Não, no sentido formal do termo. A BNCC não prevê alfabetização — leitura e escrita convencionais — como objetivo da educação infantil. O que se espera é que a criança desenvolva o letramento emergente: familiaridade com livros e textos, reconhecimento do próprio nome escrito, percepção de que a escrita representa a fala, noções de consciência fonológica (rimas, sílabas, sons iniciais) e gosto pela leitura. A alfabetização formal está prevista para o 1.º e o 2.º ano do ensino fundamental. Antecipar esse processo de maneira mecânica e descontextualizada pode gerar ansiedade, bloqueios e associações negativas com a aprendizagem.

Quais conteúdos são obrigatórios na educação infantil segundo a BNCC?

A BNCC não define “conteúdos” no sentido disciplinar para a educação infantil, mas determina que as escolas devem garantir experiências em todos os cinco campos de experiências: O eu, o outro e o nós; Corpo, gestos e movimentos; Traços, sons, cores e formas; Escuta, fala, pensamento e imaginação; e Espaços, tempos, quantidades, relações e transformações. Cada campo possui objetivos de aprendizagem e desenvolvimento específicos para a faixa de 4 a 5 anos e 11 meses, que devem orientar o planejamento pedagógico da instituição. A forma como esses objetivos são trabalhados — por meio de projetos, sequências didáticas, rotinas ou atividades pontuais — é definida por cada escola em seu Projeto Político-Pedagógico.

Como saber se a criança de 4 e 5 anos está aprendendo o suficiente?

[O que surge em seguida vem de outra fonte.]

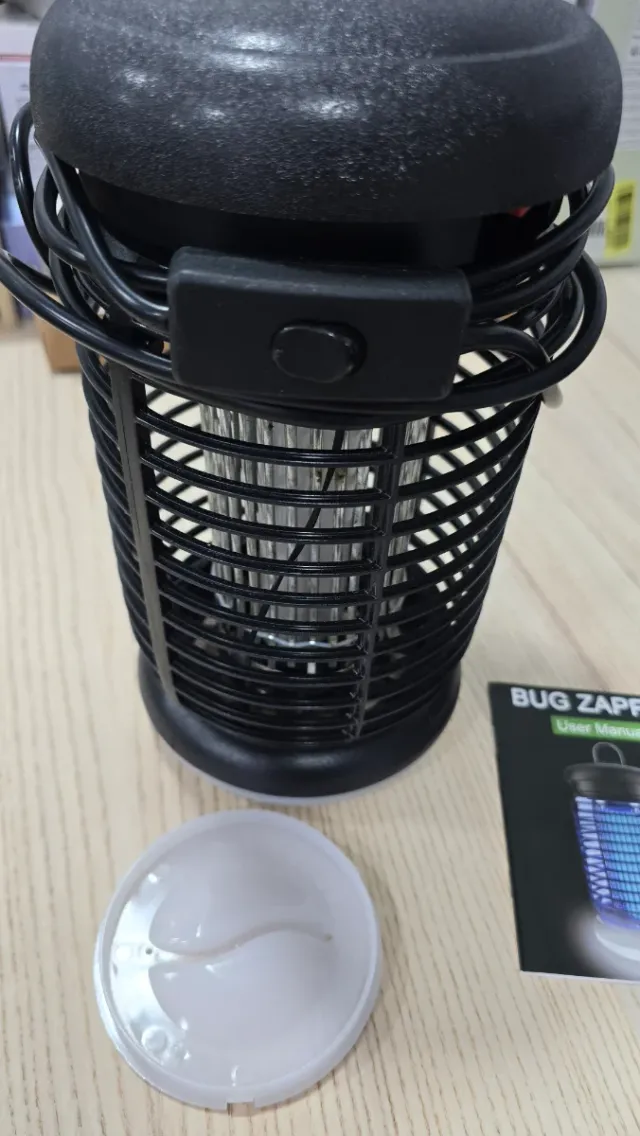 Lámpara UV antimosquitos eléctrica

Na educação infantil, o desenvolvimento é avaliado de forma qualitativa e contínua, não por meio de provas ou notas. Os indicadores de aprendizagem adequada para essa faixa etária incluem: engajamento e curiosidade nas atividades propostas; capacidade crescente de se expressar oralmente com clareza; participação nas brincadeiras coletivas com negociação e respeito; avanços na coordenação motora fina e grossa; interesse por livros e histórias; e desenvolvimento progressivo da autonomia nas rotinas diárias. O portfólio e as reuniões de acompanhamento com o professor são os instrumentos mais indicados para que a família compreenda o percurso de aprendizagem do filho.

Qual a diferença entre o que se ensina aos 4 anos e aos 5 anos?

A BNCC define objetivos de aprendizagem para a faixa de 4 a 5 anos e 11 meses de forma integrada, sem separar rigidamente os dois anos. Na prática, porém, há diferenças observáveis no desenvolvimento típico: crianças de 4 anos estão consolidando a linguagem oral, a coordenação motora ampla e as primeiras noções de convivência coletiva; crianças de 5 anos, em geral, apresentam maior capacidade de concentração, narrativas mais elaboradas, interesse crescente pela escrita do próprio nome e de palavras conhecidas, raciocínio lógico mais estruturado e maior habilidade para resolver conflitos de forma autônoma. O planejamento deve respeitar essas diferenças sem criar expectativas uniformes, tendo em vista que o desenvolvimento infantil é individual e não linear.